En outre, si nous partageons le constat selon lequel le crime organisé alimente les réseaux terroristes en liquidités, en matériels et parfois aussi en hommes, l’opportunité de l’extension des moyens de renseignements à l’ensemble des infractions régies par le texte nous paraît discutable. Il suffit d’ailleurs de lire la liste des incriminations pour s’en convaincre.
Dans le sillage des débats que nous avons eus dans cet hémicycle sur la constitutionnalisation de l’état d’urgence, il ne convient pas de rétrécir la compétence dévolue constitutionnellement à l’autorité judiciaire, gardienne des libertés individuelles.

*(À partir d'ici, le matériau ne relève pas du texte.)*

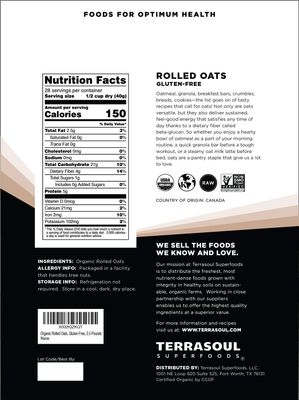 Terrasoul Superfoods Organic Rolled Oats, 2.5 lbs - Gluten-Free | Old-Fashioned | Whole Grain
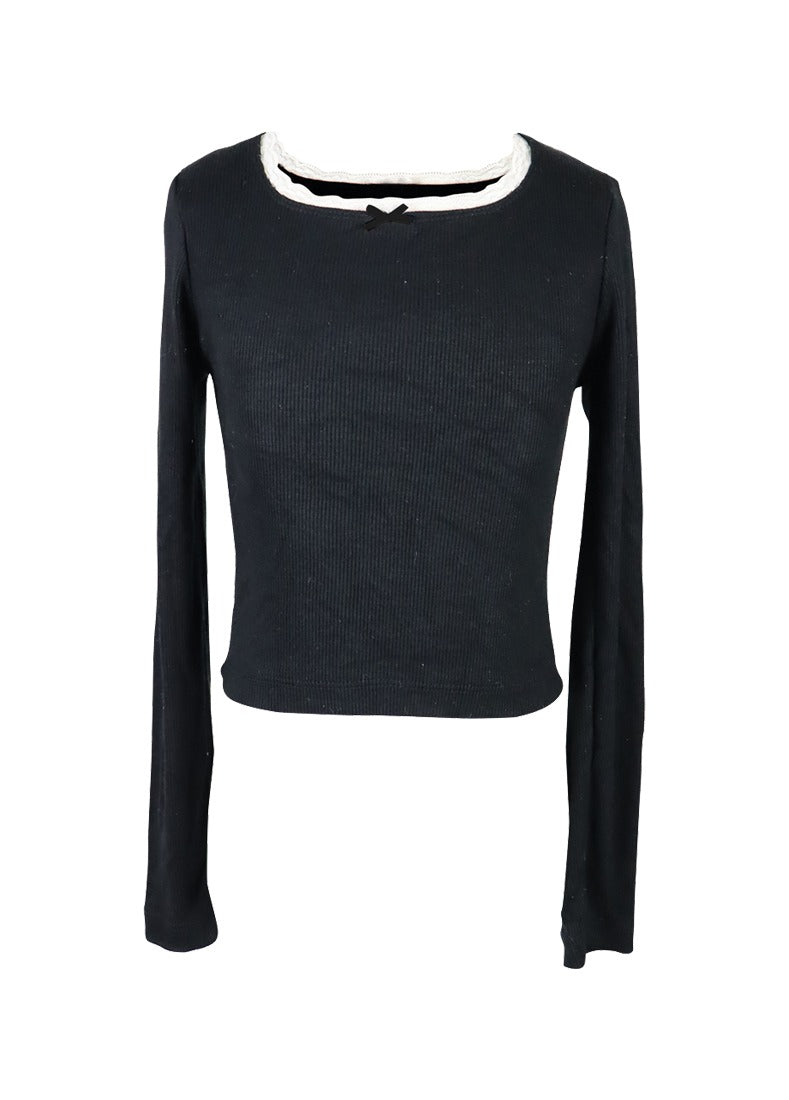 *Lace Trim Long Sleeve Tee*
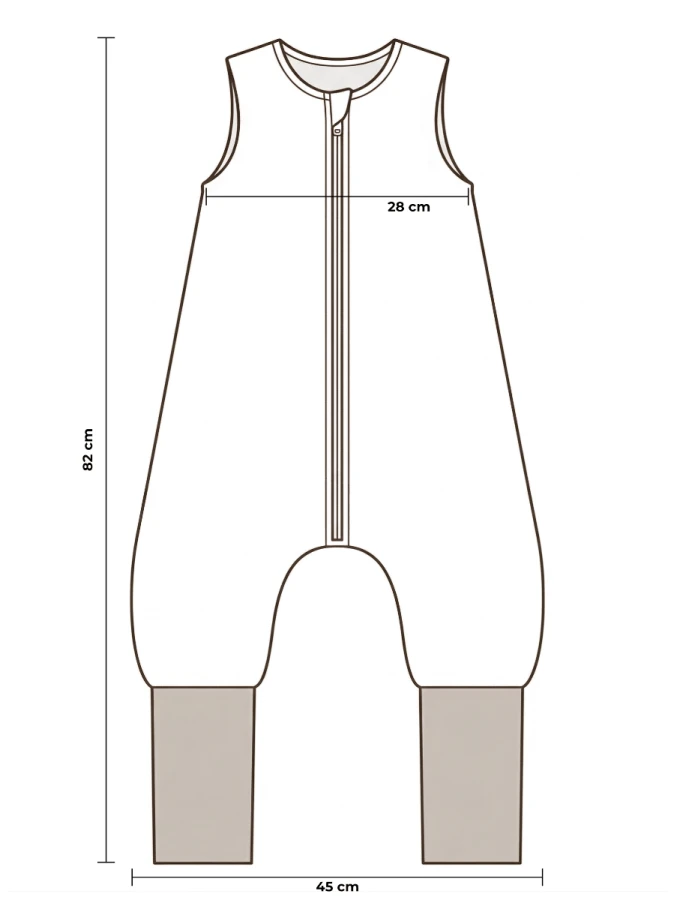 Śpiworek z organicznego muślinu z nogawkami 1-3 lata, 1.0 TOG - giraffes / My Memi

Mes chers collègues, vous connaissez notre détermination à combattre avec fermeté les « ennemis de la liberté ». De ce point de vue, nous nous féliciterions de l’intransigeance pénale ici prévue à l’encontre des agents de la terreur et de ceux qui les soutiennent, si nous n’avions pas conscience des difficultés que rencontrera notre système judiciaire pour les faire appliquer.
Comment ignorer ces difficultés quand vous-même, monsieur le garde des sceaux, dénoncez l’augmentation inéluctable des coûts cachés du système pénitentiaire et de ceux du système judiciaire, grevé par le prix des mesures d’enquête et d’expertise ?
Ce projet de loi facilite le recours à ces coûteuses techniques d’interception et de captation des communications. Il nécessitera des moyens humains considérables pour traiter et analyser les données ainsi collectées.
Cette constatation s’applique également aux dispositions qui inscrivent de nouveaux délits dans le code pénal et prévoient d’aggraver le quantum des peines d’infractions en lien avec des activités terroristes.
À cet égard, je tiens à réaffirmer, dans la tradition du groupe du RDSE, que l’accumulation des lois pénales réactives est un non-sens, que le suivisme par le Parlement d’une opinion publique exacerbée par les médias est toujours un danger démocratique, que lutter contre le crime organisé par une multiplication constante des incriminations et une aggravation non moins constante de l’échelle des peines est une absurdité que la France ne cesse de faire sous les quinquennats successifs sans aucun succès pratique.
On ne lutte pas contre le terrorisme en envoyant des messages aux médias ; c’est en donnant aux forces de sécurité et à la justice les moyens matériels et humains nécessaires que l’on y parvient.
L’état catastrophique de la justice relève, depuis des décennies, d’une responsabilité collective tant des gouvernants que des citoyens qui n’ont jamais voulu en faire une priorité.
Comment ne pas être indigné de constater dans le même temps les sommes fabuleuses dépensées aux fins de construire des stades pour l’Euro 2016 et la pénurie dans nos greffes et nos commissariats ? Mes chers collègues, quand les Romains ont abusé de l’adage « panem et circenses », leur civilisation s’est effondrée.